Cancer dynamics are not linear, Cancer biology does not conform to the dictates of molecular biology. Once again, we are forced to confront the realization that genotype does not equal phenotype. Cancer cells utilize cross talk and redundancy to circumvent therapies. They back up, zig-zag and move in reverse, regardless of what the sign posts say. The building blocks of human biology are carefully construed into the complexities that we recognize as human beings. However appealing gene profiling may appear to those engaged in this field, it will be years, perhaps decades, before these profiles can approximate the vagaries of human cancer.

Functional profiling analyses, which measure biological signals rather than DNA indicators, will continue to provide clinically validated information and play an important role in cancer drug selection. The data that support functional profiling analyses is demonstrably greater and more compelling than any data currently generated from DNA analyses. Functional profiling remains the most validated technique for selecting effective therapies for cancer patients.

Functional profiling assesses the activity of a drug upon combined effect of all cellular processes, using several metabolic (cell metabolism) and morphologic (structure) endpoints, at the cell "population" level, rather than at the "single cell" level, measuring the interaction of the entire genome.

The original Human Genome Project dealth with a homogeneous population of normal diploid cells. This is different from primary tumors, which are heterogeneous and have a genomic signature unique to each and every patient. Functional profiling is a biomarker of heterogeneous cancer cells and genomic signatures unique to every individual patient.
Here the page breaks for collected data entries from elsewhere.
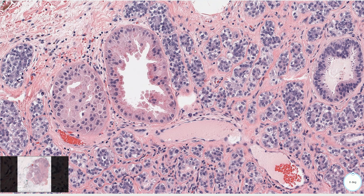Immunohistochemistry may be useful to visualize the myoepithelial component and also to make sure that the lesion is not invasive. All of these myoepithelial cells would be positive for myoepithelial markers like P63, S100, SMA, or cytokeratin 5. The epithelial component is positive for cytokeratin 7 and may express estrogen receptors.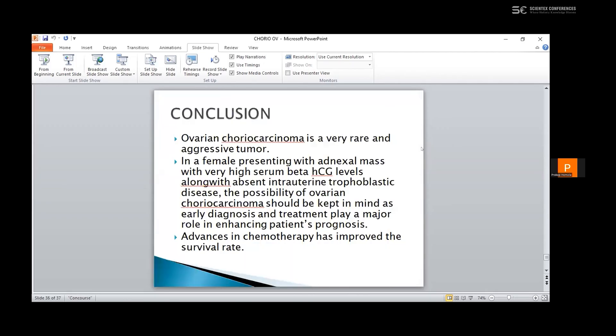To conclude, ovarian choriocarcinoma is a very rare and aggressive tumor. In a female presenting with an adnexal mass with very high serum beta-HCG levels along with absent intrauterine trophoblastic disease, the possibility of ovarian choriocarcinoma should be kept in mind, as early diagnosis and treatment plays a major role in enhancing the patient's prognosis, and advances in chemotherapy have improved the survival rate.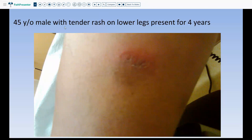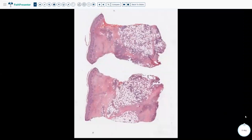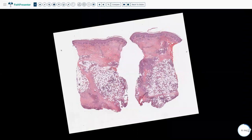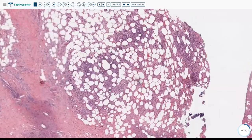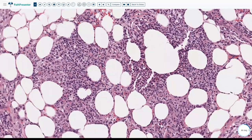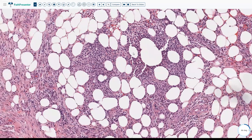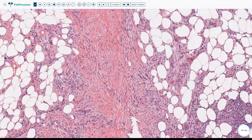The next case is a 45-year-old male presenting with tender rash on the lower legs, present for 4 years, located on the dorsal calf — unlike erythema nodosum which is at the front of the legs. On biopsy, the main action is in the subcutaneous fat. At high power, there are a lot of neutrophils forming almost abscess-like collections, along with a lot of fibrosis in the septa, and giant cells and macrophages — making this a suppurative and granulomatous inflammation.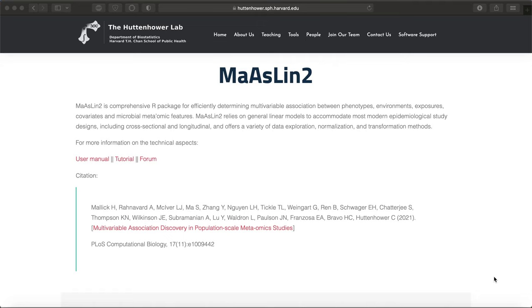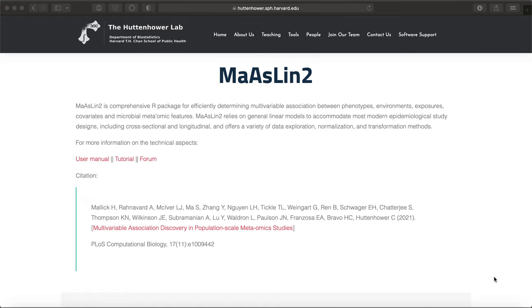So MaAsLin2 is an R and Bioconductor package for associating microbial data with complex clinical metadata. What this also is is a multivariable framework that models a univariate outcome or dependent variable, such as bacterial taxa, against multivariate metadata, so your predictors or independent variables. And within this framework you can also model hierarchical random effects in addition to fixed effects.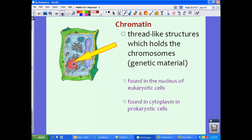Chromatin is another form of chromosomes we might see. Chromatin are thread-like structures that hold the chromosomes — basically your genetic material. Chromatin is found in the nucleus of eukaryotic cells, while in prokaryotic cells it can be found in the cytoplasm.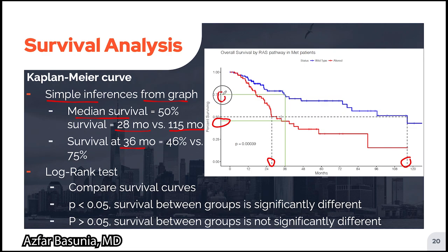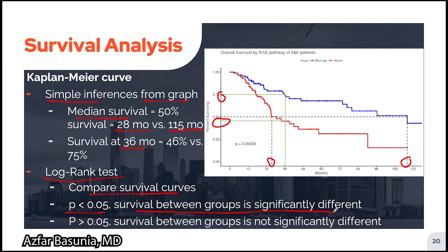Very importantly, the log-rank test is a statistical test that allows us to compare survival curves. It asks: is the difference between these two Kaplan-Meier curves statistically significant, or can it be explained by random noise? If the p-value is less than 0.05, the survival difference between the two groups is statistically significant. If the p-value is greater than 0.05, the survival between the two groups is not significantly different. In this case, the p-value of the log-rank test is less than 0.05, and thus the survival difference between the RAS-altered and RAS wild-type patients is statistically significant.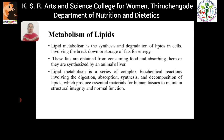First, metabolism of lipids. Lipid metabolism is a synthesis and degradation of lipids in cells, which also involves a breakdown or storage of fats for energy. In lipid metabolism, fats are obtained from consuming food and absorbing them, or they are synthesized by an animal's liver. Lipid metabolism is a series of complex biochemical reactions involving digestion, absorption, synthesis and decomposition of lipids, which also help us to produce essential materials for human tissues to maintain structural integrity and normal body function.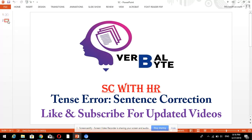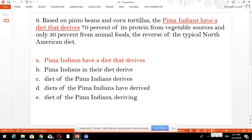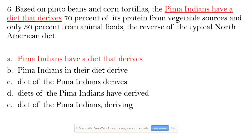The sentence is: Based on pinto beans and corn tortillas, the Pima Indians have a diet that derives 70% of its protein from vegetable sources and only 30% from animal foods — the reverse of the typical North American diet.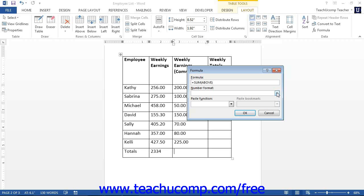You can also designate a cell range by typing the cell address of the upper left cell in the range of cells, followed by the colon symbol, and then followed by the cell address of the lower right cell in the range of cells.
That is the major differences between the two types of technology. A chemosensitivity test is too limited, to generic. There has been cutting-edge techniques that have made cell culture assays with "functional profiling" mimic what will happen in the human body. Cancer is already in 3D (three dimensional) conformation. Cell-based functional profiling cultures "fresh" live tumor cells in 3D conformation and profiles the "function" of cancer cells (is the whole cell being killed regardless of the targeted mechanism or pathway). It distinguishes between susceptibility of cancer cells to different drugs in the same class and the susceptibility to combinations.

And the reason for at least a "tru-cut" biopsied tumor specimen is that "real life" 3D analysis makes functional profiling indicative of what will happen in the body. It tests fresh "live" cells in their three dimensional (3D), floating clusters (in their natural state). As researchers at Johns Hopkins and Washington University at St. Louis have recently found out, our body is 3D, not 2D in form. Older assay technology (human clonogenic assay) was in 2D form. Traditionally, in-vitro (in lab) cell-lines have been studied in 2 dimensions (2D) which has inherent limitations in applicability to real life 3D in-vivo (in body) states. Recently, other researchers have pointed to the limitations of 2D cell line study and chemotherapy to more correctly reflect the human body.

I do not promote any particular lab or laboratories. I advocate a technology which I firmly believe in because it works: cell function analysis. In other words, which combinations are best and in what sequence would they be most effective - targeted and/or conventional.